Customers can deploy decoy DynamoDB tables and monitor for intruders accessing decoy content. The solution. The monitoring solution should also support whitelisting, so administrators or valid users accessing or listing decoy tables does not not trigger false alarms.
Attacks Targeting Lambda Functions
Lambda is the AWS event-driven serverless computing function and is growing in popularity due to its ability to run code without the need to provision and manage servers as well as its ability to scale as needed
There are many possible threats to Lambda computing. Lambda functions can have multiple trigger points, and attackers having access to these triggers can invoke the Lambda functions to retrieve data directly from backend AWS services.
Below is an example of an attacker invoking backend a Lambda function, bypassing the standard workflow:
The Attivo Networks ThreatDefend platform can deploy decoy Lambda functions and can detect attackers targeting backend Lambda functions to bypass the regular workflow
Attacks Targeting Web Apps
Enterprises deploy many intranet web applications in their networks. Attackers on a compromised endpoint can steal credentials, cookies, or other stored access tokens from browser caches and target internal web applications.

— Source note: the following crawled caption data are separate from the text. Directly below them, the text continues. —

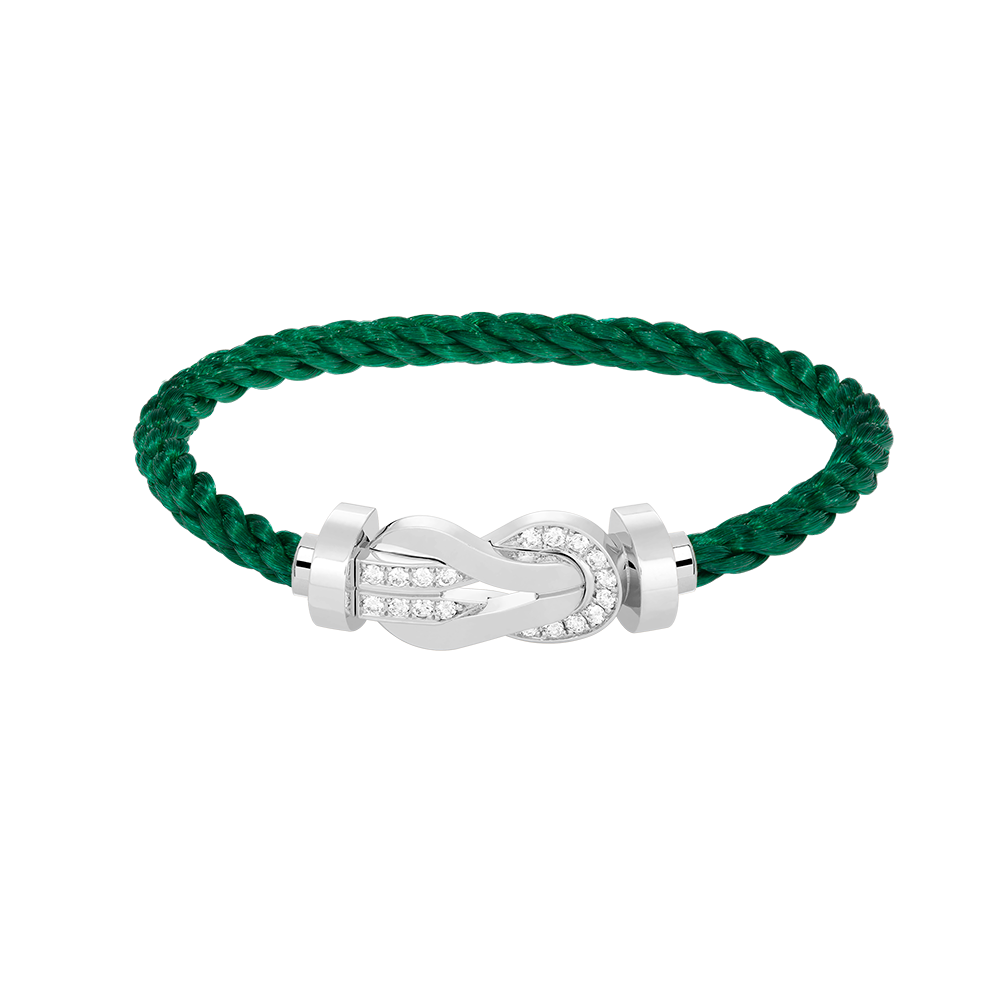 [Max Jewelry ]CHANCE LARGE 8 FIGURE BUCKLE HALF DIAMOND BRACELET SILVER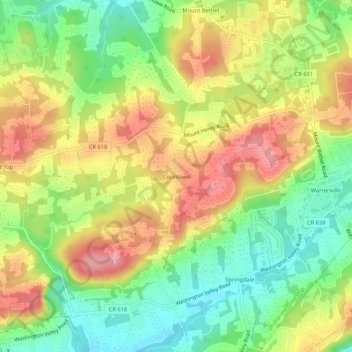 Topografisk kart Coontown, høyde, relieff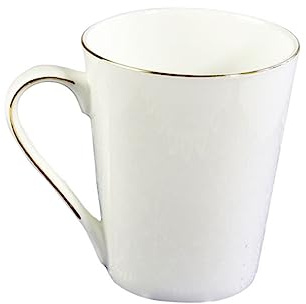 Cabilock Mug En Porcelaine Fine Blanche Bord Doré 350 Ml Tasse à Café Tasse à Thé Ergonomique Résistant à La Chaleur Pour Femmes Usage Quotidien Famille Bureau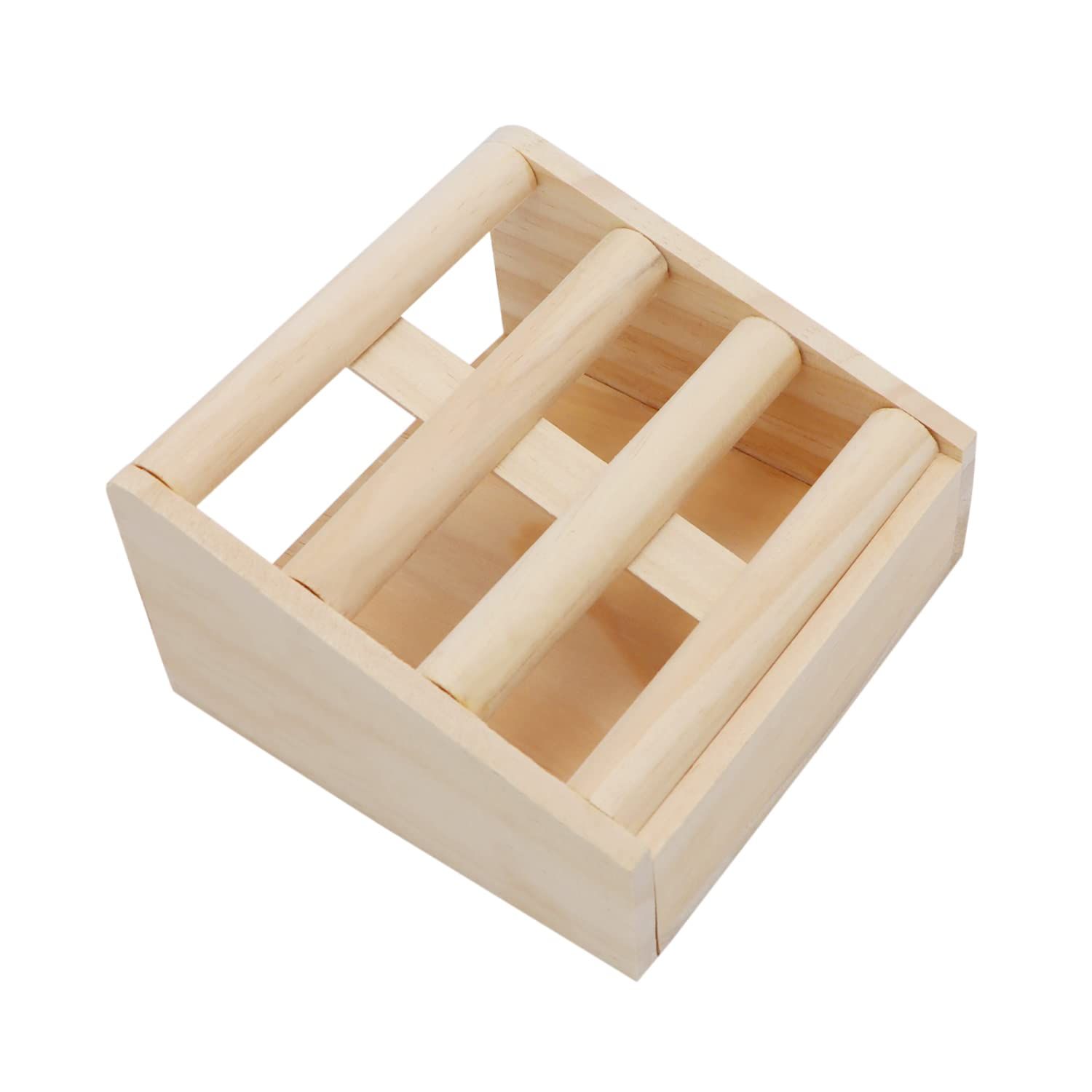 Bunny Hay Rack Guinea Pig Hay Feeder Chinchilla Hay Holder Rabbit Food Dispenser Natural Wooden Hamster Rabbit Cage Accessories - Image 4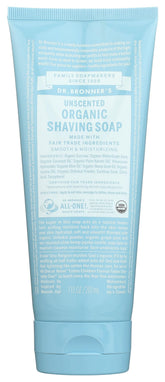 Dr. Bronner's unscented shaving soap tube for a comfortable, close shave.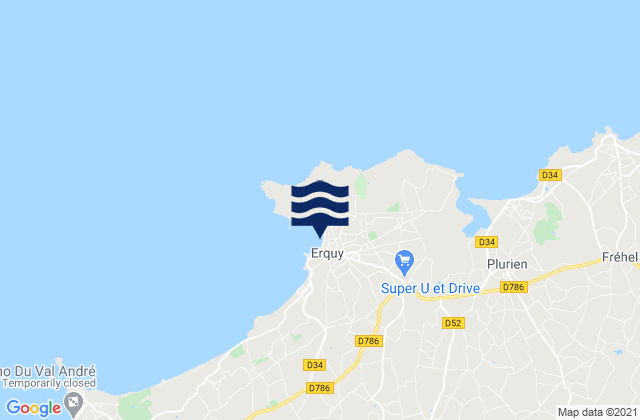 Erquy, Franceの潮見表地図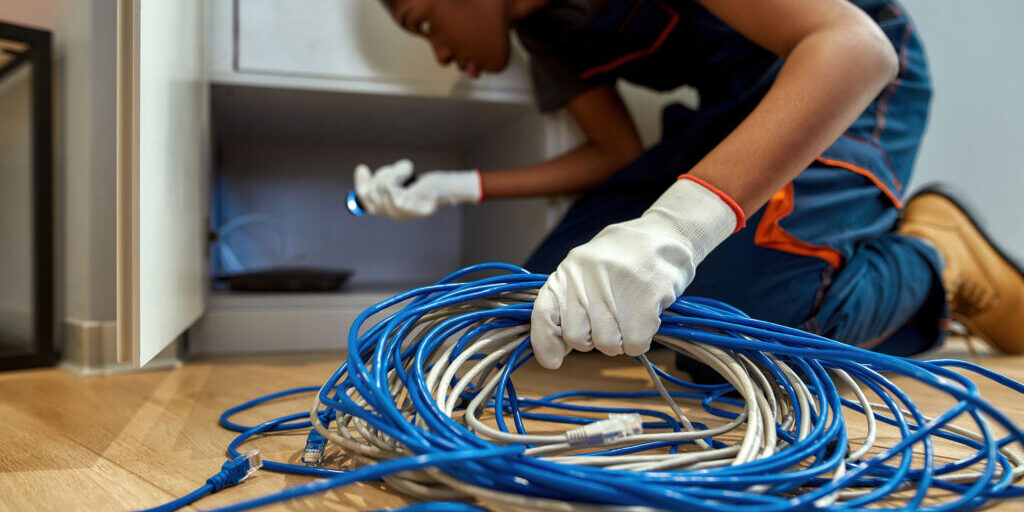 Closeup blue and white cables in female hand. African woman on floor holding cables and lighting on router in cabinet. Network service worker. Selective focus.
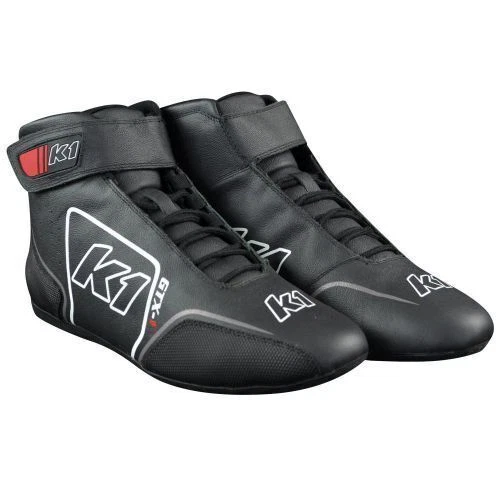 K1 24-GTX-N-11 SFI 3.3/5 GTX-1 Auto Kart/Racing Nomex Shoes, Black/Gray, Size 11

For example, a solution such as the Attivo Networks ThreatDefend platform can deploy decoy web applications hosted in S3 buckets or Lambda functions with decoy dynamoDB tables.
Additionally, the Attivo Networks ThreatDefend integrates with endpoint management systems to distribute deceptive breadcrumbs (browser credentials, cookies, browser history, etc.) to production systems. Attackers performing reconnaissance and targeting enterprise web apps are now efficiently redirected away from the production environment and into the decoy infrastructure. Multi-cloud and on-premises environments can all be managed from a single management console.
Summary
Enterprises have AWS accounts ranging from a single account to a few dozen accounts with varying degrees of access controls. Cyber deception solutions such as the Attivo Networks ThreatDefend platform will significantly reducing the risk for these environments by deploying a layer of deception across a customer’s AWS cloud. Deception deploys as part of internal security monitoring to detect attackers performing reconnaissance or targeting the AWS infrastructure using stolen credentials and misconfigurations, playing a critical role in an organization’s cloud security risk reduction strategy.